START MATERIAL TO PROCESS

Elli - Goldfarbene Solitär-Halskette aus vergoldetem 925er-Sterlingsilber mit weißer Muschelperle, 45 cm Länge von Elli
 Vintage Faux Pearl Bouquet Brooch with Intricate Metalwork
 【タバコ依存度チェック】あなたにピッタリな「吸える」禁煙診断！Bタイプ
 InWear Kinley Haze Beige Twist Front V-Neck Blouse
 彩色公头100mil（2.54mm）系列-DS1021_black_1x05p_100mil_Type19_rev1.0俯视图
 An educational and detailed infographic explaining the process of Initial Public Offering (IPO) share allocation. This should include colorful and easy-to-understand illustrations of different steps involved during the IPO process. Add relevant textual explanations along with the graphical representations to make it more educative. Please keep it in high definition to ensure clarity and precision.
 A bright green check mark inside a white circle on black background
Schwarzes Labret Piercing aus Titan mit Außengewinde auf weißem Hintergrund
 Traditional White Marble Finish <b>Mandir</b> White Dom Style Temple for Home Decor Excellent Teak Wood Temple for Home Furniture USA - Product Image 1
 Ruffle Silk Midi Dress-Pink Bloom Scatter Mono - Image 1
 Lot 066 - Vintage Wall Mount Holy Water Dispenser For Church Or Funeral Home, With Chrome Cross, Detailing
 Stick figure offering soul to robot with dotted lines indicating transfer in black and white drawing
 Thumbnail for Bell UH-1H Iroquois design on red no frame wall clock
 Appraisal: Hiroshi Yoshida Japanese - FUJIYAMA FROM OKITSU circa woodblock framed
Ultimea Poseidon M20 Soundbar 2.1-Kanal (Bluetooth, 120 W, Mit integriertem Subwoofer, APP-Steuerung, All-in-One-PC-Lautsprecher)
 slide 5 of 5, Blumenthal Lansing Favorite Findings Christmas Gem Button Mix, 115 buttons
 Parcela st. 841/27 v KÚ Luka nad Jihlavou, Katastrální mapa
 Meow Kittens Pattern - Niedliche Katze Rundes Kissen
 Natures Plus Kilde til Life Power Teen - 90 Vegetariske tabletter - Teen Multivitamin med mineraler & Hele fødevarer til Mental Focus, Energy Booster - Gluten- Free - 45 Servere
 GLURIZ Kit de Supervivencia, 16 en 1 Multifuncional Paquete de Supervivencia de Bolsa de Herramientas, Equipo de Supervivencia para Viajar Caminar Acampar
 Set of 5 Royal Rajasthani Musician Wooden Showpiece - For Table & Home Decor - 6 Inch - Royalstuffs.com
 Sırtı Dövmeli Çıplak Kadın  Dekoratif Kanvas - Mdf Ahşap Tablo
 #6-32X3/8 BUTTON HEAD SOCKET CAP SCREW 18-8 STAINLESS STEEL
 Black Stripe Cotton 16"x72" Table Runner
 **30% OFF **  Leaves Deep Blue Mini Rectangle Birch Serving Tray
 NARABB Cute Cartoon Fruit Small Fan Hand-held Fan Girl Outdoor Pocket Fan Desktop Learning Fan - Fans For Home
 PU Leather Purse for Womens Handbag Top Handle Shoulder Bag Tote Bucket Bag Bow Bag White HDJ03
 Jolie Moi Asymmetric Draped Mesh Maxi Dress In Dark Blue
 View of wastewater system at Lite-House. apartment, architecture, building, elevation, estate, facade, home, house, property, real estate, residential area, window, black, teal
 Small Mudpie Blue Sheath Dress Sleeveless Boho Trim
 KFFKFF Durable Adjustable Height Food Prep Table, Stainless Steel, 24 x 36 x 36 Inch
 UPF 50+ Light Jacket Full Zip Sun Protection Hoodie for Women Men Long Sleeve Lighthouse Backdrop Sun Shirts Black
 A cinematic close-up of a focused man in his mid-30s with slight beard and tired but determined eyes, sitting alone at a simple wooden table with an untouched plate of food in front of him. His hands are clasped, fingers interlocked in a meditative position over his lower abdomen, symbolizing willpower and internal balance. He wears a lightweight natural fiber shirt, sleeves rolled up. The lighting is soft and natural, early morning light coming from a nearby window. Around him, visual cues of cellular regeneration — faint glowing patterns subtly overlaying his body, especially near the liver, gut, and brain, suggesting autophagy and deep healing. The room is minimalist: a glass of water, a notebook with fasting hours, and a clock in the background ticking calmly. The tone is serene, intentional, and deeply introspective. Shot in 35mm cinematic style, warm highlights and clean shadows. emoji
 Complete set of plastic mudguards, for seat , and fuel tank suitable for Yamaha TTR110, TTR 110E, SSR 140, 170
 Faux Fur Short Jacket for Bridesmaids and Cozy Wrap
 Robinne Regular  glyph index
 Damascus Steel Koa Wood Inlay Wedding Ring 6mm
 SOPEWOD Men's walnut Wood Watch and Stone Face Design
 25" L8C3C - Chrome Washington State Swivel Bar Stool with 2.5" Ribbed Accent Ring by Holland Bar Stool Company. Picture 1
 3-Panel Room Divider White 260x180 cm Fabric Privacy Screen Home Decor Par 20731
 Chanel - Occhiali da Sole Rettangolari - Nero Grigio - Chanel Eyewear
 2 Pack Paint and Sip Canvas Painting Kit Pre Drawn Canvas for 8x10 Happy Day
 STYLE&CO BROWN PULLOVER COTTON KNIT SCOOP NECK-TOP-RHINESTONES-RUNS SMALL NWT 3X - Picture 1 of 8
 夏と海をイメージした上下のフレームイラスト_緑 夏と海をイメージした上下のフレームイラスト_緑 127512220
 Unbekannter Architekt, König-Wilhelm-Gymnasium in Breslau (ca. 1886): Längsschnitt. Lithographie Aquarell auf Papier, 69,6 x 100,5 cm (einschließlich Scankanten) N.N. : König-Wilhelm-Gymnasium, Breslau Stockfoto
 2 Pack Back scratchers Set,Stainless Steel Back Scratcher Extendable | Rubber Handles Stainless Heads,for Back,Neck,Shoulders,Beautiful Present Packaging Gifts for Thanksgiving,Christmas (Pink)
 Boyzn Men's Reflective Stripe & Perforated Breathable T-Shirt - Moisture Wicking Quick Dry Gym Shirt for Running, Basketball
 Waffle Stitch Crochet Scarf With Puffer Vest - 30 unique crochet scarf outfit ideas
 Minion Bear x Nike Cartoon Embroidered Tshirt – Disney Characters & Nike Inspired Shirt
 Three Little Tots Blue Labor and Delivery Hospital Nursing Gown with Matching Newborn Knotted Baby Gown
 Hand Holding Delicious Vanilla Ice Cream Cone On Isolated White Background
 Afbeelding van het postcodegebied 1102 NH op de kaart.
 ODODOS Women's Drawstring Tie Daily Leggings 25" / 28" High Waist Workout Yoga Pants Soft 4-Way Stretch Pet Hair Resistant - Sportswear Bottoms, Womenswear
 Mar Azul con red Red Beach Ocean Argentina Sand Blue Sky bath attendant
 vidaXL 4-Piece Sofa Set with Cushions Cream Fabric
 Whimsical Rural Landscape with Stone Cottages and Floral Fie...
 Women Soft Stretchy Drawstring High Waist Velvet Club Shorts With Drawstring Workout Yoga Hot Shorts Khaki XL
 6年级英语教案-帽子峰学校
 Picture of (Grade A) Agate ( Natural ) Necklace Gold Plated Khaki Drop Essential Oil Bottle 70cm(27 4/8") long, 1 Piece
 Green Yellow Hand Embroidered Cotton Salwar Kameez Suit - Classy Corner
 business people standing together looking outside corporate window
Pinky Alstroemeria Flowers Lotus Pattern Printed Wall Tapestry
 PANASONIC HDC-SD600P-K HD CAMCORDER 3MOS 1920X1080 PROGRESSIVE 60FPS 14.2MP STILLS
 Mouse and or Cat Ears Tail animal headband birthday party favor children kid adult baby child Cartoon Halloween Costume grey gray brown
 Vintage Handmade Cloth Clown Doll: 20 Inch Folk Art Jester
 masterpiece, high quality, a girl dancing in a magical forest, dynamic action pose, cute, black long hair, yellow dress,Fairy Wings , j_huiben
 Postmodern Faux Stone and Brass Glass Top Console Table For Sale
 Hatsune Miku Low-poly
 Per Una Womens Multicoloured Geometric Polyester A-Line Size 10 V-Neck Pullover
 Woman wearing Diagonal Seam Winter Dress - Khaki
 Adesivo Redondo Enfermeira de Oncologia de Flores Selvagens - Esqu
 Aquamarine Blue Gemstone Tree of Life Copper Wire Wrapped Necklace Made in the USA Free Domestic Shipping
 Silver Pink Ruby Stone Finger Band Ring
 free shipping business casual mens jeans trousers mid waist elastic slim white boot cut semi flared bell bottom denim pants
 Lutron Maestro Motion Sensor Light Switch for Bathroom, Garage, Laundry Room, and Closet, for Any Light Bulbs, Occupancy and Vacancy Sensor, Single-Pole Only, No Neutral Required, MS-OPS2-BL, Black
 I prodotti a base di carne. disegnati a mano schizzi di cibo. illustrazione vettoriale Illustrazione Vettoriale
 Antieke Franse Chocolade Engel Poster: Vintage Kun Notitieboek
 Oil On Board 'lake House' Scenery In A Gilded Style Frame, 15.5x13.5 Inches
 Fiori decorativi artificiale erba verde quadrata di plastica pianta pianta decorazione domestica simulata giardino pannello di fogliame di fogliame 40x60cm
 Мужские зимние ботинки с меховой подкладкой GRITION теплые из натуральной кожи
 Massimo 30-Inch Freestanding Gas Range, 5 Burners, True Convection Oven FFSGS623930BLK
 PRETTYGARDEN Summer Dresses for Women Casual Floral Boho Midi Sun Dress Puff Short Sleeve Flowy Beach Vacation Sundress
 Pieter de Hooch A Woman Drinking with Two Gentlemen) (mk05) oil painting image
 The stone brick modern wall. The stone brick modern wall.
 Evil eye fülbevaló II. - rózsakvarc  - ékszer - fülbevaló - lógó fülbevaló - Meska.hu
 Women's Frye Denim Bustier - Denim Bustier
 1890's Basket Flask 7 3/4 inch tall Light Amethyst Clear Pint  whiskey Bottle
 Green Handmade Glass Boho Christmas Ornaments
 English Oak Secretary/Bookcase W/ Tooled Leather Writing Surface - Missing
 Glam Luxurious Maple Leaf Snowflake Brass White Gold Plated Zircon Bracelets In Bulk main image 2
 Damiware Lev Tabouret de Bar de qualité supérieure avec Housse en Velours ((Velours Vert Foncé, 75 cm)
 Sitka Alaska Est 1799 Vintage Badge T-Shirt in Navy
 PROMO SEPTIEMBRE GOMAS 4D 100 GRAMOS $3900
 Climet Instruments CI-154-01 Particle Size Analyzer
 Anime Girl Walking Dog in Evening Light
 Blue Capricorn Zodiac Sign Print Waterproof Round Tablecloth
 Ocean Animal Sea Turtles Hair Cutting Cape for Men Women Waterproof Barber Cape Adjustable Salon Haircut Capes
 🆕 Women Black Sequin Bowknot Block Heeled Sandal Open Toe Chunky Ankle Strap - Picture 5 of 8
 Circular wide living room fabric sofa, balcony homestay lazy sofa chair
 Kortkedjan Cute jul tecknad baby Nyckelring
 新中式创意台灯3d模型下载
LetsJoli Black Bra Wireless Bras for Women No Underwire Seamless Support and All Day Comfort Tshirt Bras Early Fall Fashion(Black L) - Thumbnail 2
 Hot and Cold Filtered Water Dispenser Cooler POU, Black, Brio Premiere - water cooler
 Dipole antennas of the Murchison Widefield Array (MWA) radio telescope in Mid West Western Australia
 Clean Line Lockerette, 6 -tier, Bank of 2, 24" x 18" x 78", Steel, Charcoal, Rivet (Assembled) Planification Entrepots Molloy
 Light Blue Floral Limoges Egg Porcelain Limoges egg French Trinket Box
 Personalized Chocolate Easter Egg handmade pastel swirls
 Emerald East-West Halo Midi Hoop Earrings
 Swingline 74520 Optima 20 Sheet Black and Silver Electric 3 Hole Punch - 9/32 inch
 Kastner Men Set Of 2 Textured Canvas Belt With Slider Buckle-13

END MATERIAL TO PROCESS

### DIRECTIONS
Pull every line containing "Picture" out of the data above.

### RESULT OF THIS TASK
 25" L8C3C - Chrome Washington State Swivel Bar Stool with 2.5" Ribbed Accent Ring by Holland Bar Stool Company. Picture 1
 STYLE&CO BROWN PULLOVER COTTON KNIT SCOOP NECK-TOP-RHINESTONES-RUNS SMALL NWT 3X - Picture 1 of 8
 Picture of (Grade A) Agate ( Natural ) Necklace Gold Plated Khaki Drop Essential Oil Bottle 70cm(27 4/8") long, 1 Piece
 🆕 Women Black Sequin Bowknot Block Heeled Sandal Open Toe Chunky Ankle Strap - Picture 5 of 8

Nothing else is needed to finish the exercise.